BEGIN GIVEN DATA
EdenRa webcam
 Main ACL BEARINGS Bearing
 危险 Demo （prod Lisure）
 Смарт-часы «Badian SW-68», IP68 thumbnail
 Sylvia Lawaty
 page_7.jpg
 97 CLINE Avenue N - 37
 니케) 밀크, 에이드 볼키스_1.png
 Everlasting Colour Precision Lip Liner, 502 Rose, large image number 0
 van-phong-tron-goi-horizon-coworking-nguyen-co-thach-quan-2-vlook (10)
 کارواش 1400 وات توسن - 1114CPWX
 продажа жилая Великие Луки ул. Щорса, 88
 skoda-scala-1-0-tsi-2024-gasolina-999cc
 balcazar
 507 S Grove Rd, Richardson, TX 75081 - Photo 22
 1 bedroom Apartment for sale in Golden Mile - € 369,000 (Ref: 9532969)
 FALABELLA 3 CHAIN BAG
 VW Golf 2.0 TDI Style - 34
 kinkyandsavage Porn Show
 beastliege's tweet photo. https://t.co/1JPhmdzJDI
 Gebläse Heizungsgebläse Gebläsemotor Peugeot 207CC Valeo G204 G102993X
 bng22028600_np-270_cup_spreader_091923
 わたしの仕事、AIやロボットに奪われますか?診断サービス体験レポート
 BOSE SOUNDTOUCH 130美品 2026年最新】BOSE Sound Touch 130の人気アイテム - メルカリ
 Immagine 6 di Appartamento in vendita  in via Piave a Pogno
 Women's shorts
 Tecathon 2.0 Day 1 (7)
END GIVEN DATA
◆ ACTIVITY
Each line of the data must be set down again as it is.

◆ TASK SOLUTION
EdenRa webcam
 Main ACL BEARINGS Bearing
 危险 Demo （prod Lisure）
 Смарт-часы «Badian SW-68», IP68 thumbnail
 Sylvia Lawaty
 page_7.jpg
 97 CLINE Avenue N - 37
 니케) 밀크, 에이드 볼키스_1.png
 Everlasting Colour Precision Lip Liner, 502 Rose, large image number 0
 van-phong-tron-goi-horizon-coworking-nguyen-co-thach-quan-2-vlook (10)
 کارواش 1400 وات توسن - 1114CPWX
 продажа жилая Великие Луки ул. Щорса, 88
 skoda-scala-1-0-tsi-2024-gasolina-999cc
 balcazar
 507 S Grove Rd, Richardson, TX 75081 - Photo 22
 1 bedroom Apartment for sale in Golden Mile - € 369,000 (Ref: 9532969)
 FALABELLA 3 CHAIN BAG
 VW Golf 2.0 TDI Style - 34
 kinkyandsavage Porn Show
 beastliege's tweet photo. https://t.co/1JPhmdzJDI
 Gebläse Heizungsgebläse Gebläsemotor Peugeot 207CC Valeo G204 G102993X
 bng22028600_np-270_cup_spreader_091923
 わたしの仕事、AIやロボットに奪われますか?診断サービス体験レポート
 BOSE SOUNDTOUCH 130美品 2026年最新】BOSE Sound Touch 130の人気アイテム - メルカリ
 Immagine 6 di Appartamento in vendita  in via Piave a Pogno
 Women's shorts
 Tecathon 2.0 Day 1 (7)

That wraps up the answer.